Word for word, restate each of the entries below, and drop every picture.

━━━━━ Source data

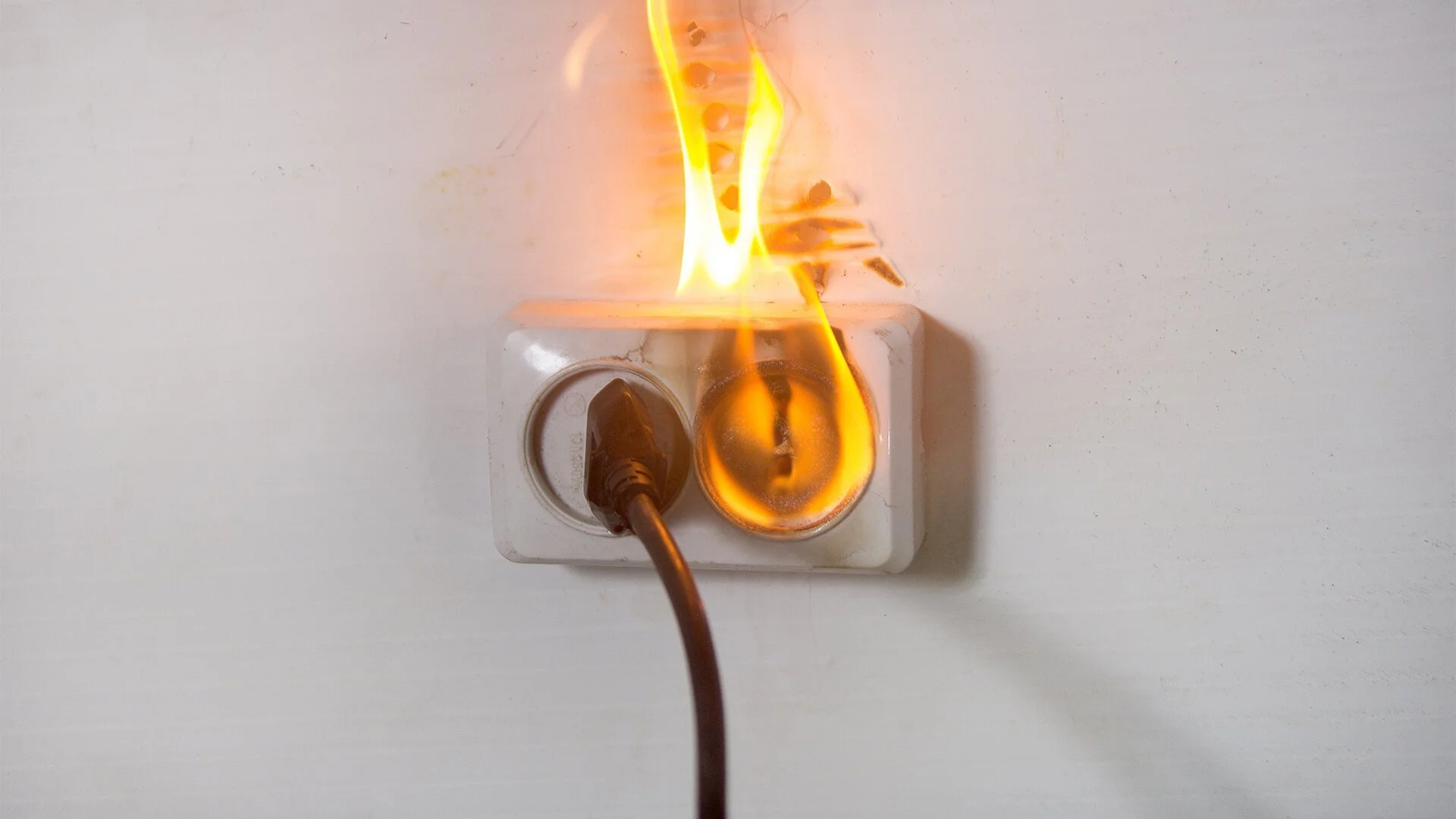 Electricity plug in a wall socket with sparks and flames.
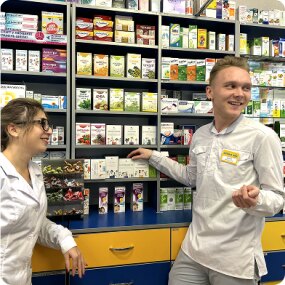 Усміхнені фармацевти біля полиць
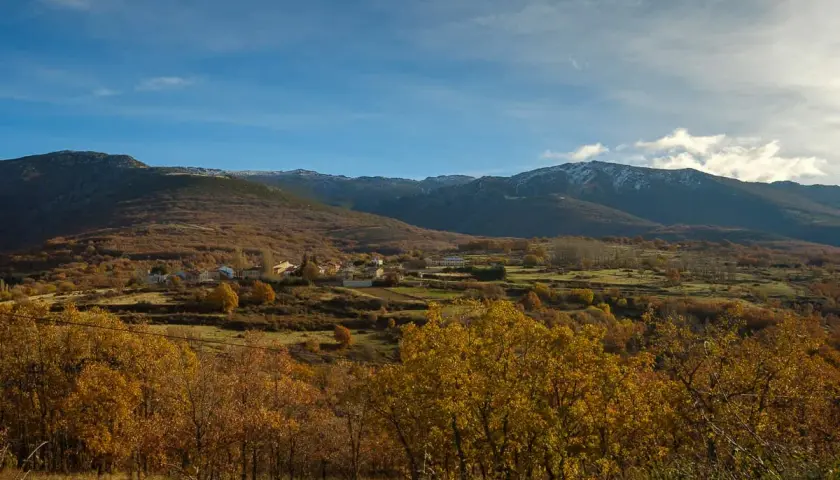 Paisaje otoñal con un pueblo en la ladera. Las montañas nevadas al fondo sugieren la ruta a la laguna negra.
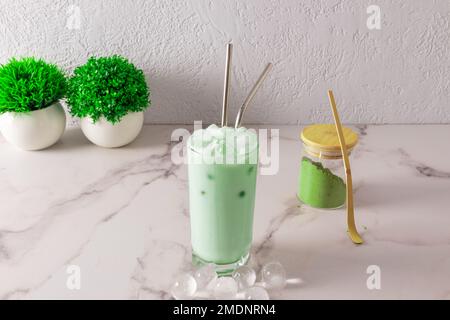 grüner matcha-Dalgon-Tee in einem großen Glas mit Metallstroh und runden Eisstücken. Grüner Tee-Pulver in einem Glasgefäß. Eine Alternative zu kaltem Kaffee Stockfoto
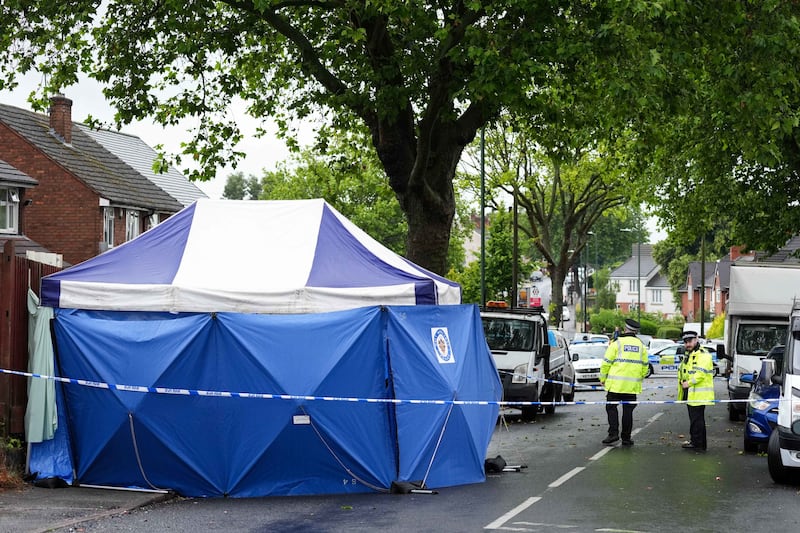 West Midlands Police at the scene of the fatal shooting in Well Lane, Blakenhall, on Tuesday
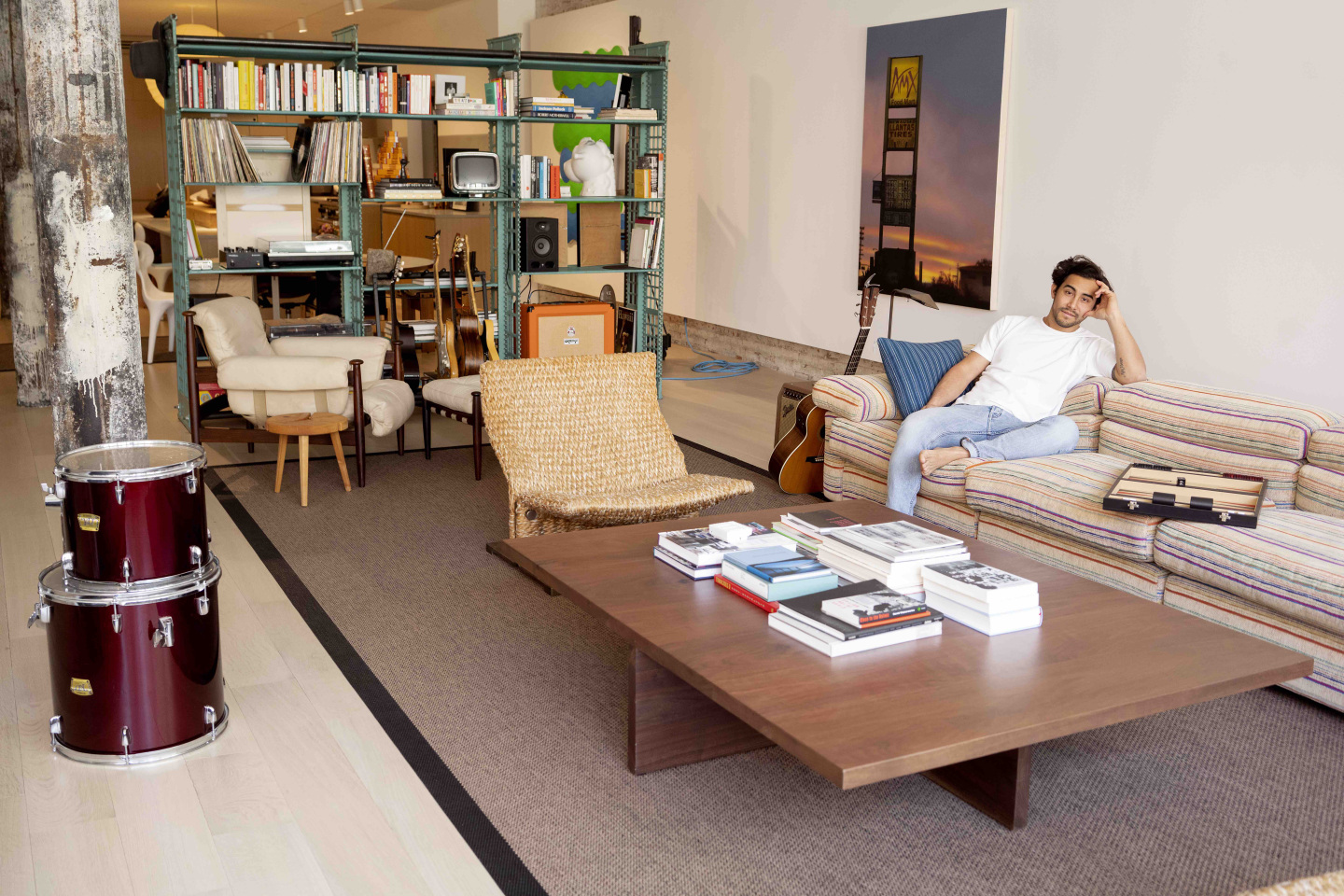 man on sofa in living room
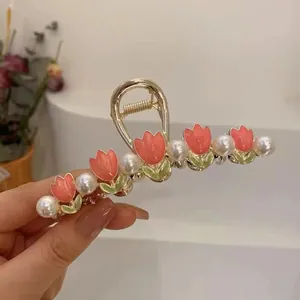 Elegant gold tulip hair claw clip with pink flowers and pearls for women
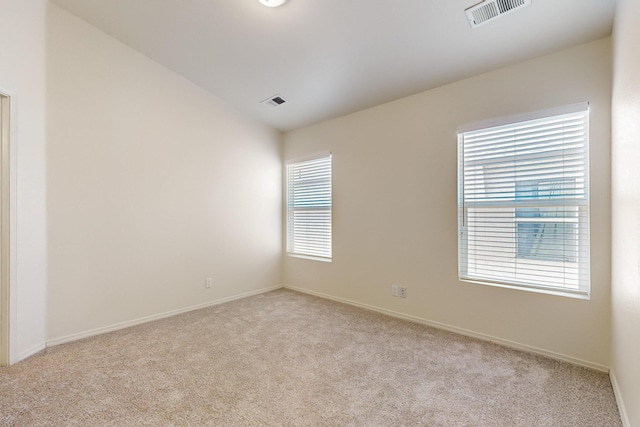 6501 San Antonio Dr NE Unit 2702, Albuquerque, NM 87109 - unfurnished room featuring light carpet and baseboards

━━━━━━━━━━

* **Result for this task**
 Electricity plug in a wall socket with sparks and flames.
 Усміхнені фармацевти біля полиць
 Paisaje otoñal con un pueblo en la ladera. Las montañas nevadas al fondo sugieren la ruta a la laguna negra.
 grüner matcha-Dalgon-Tee in einem großen Glas mit Metallstroh und runden Eisstücken. Grüner Tee-Pulver in einem Glasgefäß. Eine Alternative zu kaltem Kaffee Stockfoto
 West Midlands Police at the scene of the fatal shooting in Well Lane, Blakenhall, on Tuesday
 man on sofa in living room
 Elegant gold tulip hair claw clip with pink flowers and pearls for women
 6501 San Antonio Dr NE Unit 2702, Albuquerque, NM 87109 - unfurnished room featuring light carpet and baseboards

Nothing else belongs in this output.